David Freese: A bittersweet return for a Cardinal hero

(In case you missed it on KSDK)

Sports are like a very demanding best friend. There are times where you wish you could just quit them but they constantly remind you of the undeniable bond between the two of you.

When former St. Louis Cardinals third baseman David Freese stepped up to home plate at Busch Stadium this past weekend, it was his first at bat at Busch in nearly two and a half years.

As Frank Sinatra once said, the sweet can not be as sweet without the bitter. Freese embodies that tough love ideal to a tee.

Every Cardinals fan remembers October 27th 2011. It’s become part of the great history of this franchise. A fond memory that will turn the most cynical fan into a warm nostalgia covered glass case emotions.

Let’s kick it old school for a minute and relive it. Game 6. 2011 World Series. Bottom of the ninth. The Texas Rangers are up 9-7. The Cards aren’t going down without a fight. Like Rocky with two willing legs and fists, they stagger to their feet bloodied yet not beaten. Two on and two out. David Freese steps up to the plate against Texas Rangers closer Neftali Feliz. Are the Cards coming back? As Donnie Brasco once said, fuggeddaboutit! That’s general wisdom though.

Freese, a hometown kid who suffered through personal and professional setback, denied Nolan Ryan, Ron Washington, and the Rangers a safe passage to the Promised Land that night.

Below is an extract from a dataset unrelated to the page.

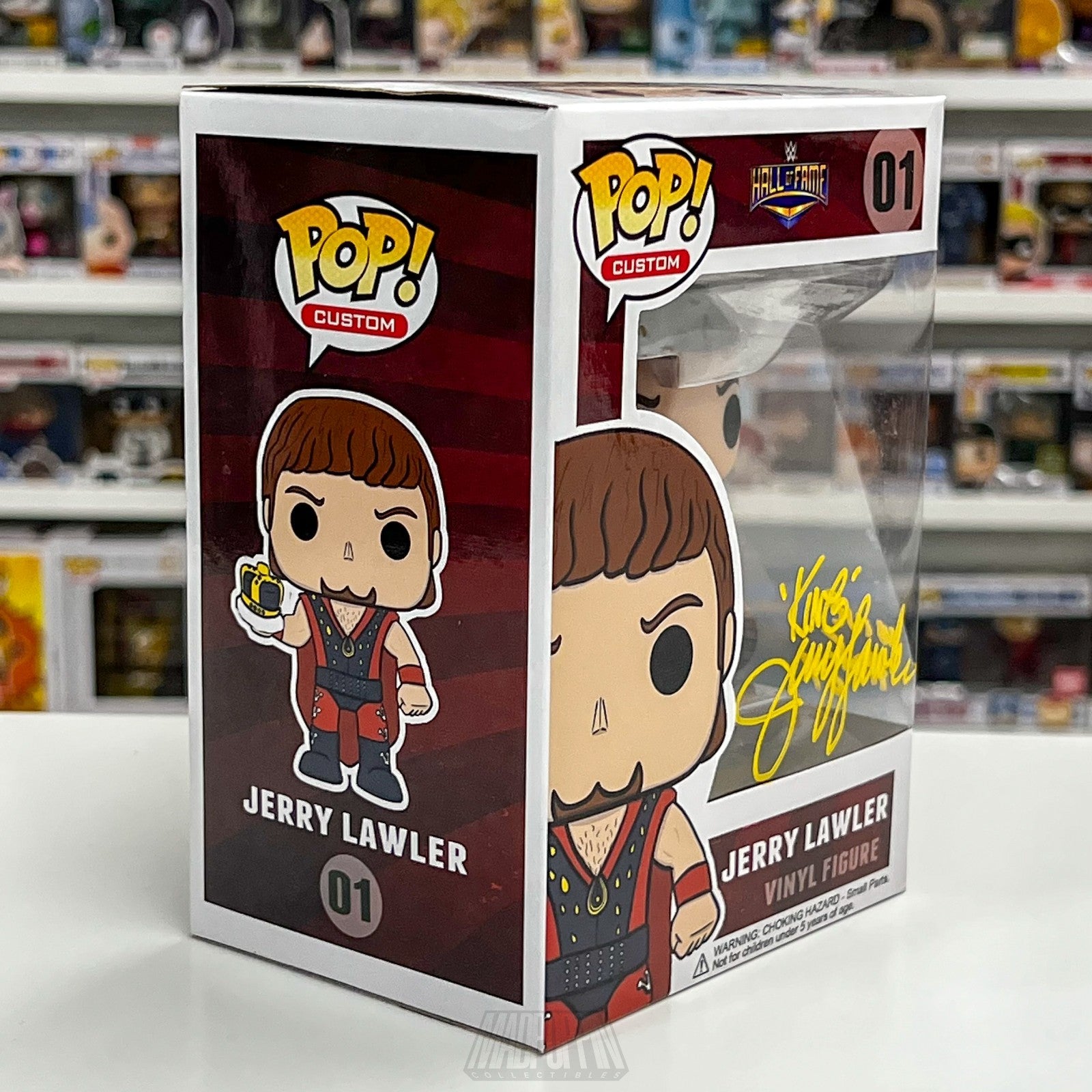 CUSTOM Funko Pop King Jerry Lawler Autographed Signed WWE Wrestling Heavyweight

Like yanking a fairy tale out of a kid’s dream, Freese went global and lit up Busch. He cranked a two run triple to tie the game and later a walkoff home run that led to a Game 7 victory where he produced a two run double. All in all, Freese drove in 21 runners that postseason.

Freese could have retired and turned in his jersey that next morning and never paid for a meal in St. Louis again. As James Earl Jones said in Field of Dreams, it would have been like he was dipped in magic waters.

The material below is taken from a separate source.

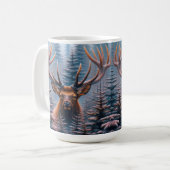 Bull Elk in Pine Trees Kaffeetasse (Vorderseite Links)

It wasn’t over yet. In 2012, Freese compiled his best statistical season as a pro. He hit 20 home runs, produced an .839 OPS and a 3.5 WAR in 144 games(his most in the Majors). In 2013, he would play in six less games and see his OPS drop nearly 100 points. He wasn’t as good.┬áDuring the 2013 postseason, Freese would hit .179 with one home run and four RBI. The lightning in his once potent postseason bat was gone.

October 28th, 2013. Game 5 of the World Series against the Boston Red Sox. After taking a 2-1 lead, the Cardinals had squandered it and the series was tied heading into the action. This was his last game at Busch Stadium as a Cardinal. Freese collected a pair of hits, including a double, but didn’t drive anybody in and the Cards would lose in six games.

Exactly two years after rushing to the middle of the field at Busch to celebrate a World Series he made possible with two swings of the bat, Freese saw his time wearing the home Cardinal red come to an end. That’s baseball. That’s sports as a business. That is life. Taking the sweet and holding it up against the bitter in order to appreciate it more.

Freese returned to Busch clothed in rogue black and gold. He’s a Pirate now and while his power is absent, Freese can still collect hits. He’s still got it. He went 5-14 against the Cards in the season opening series at PNC Park. He may collect a clutch hit or two this year off his old team.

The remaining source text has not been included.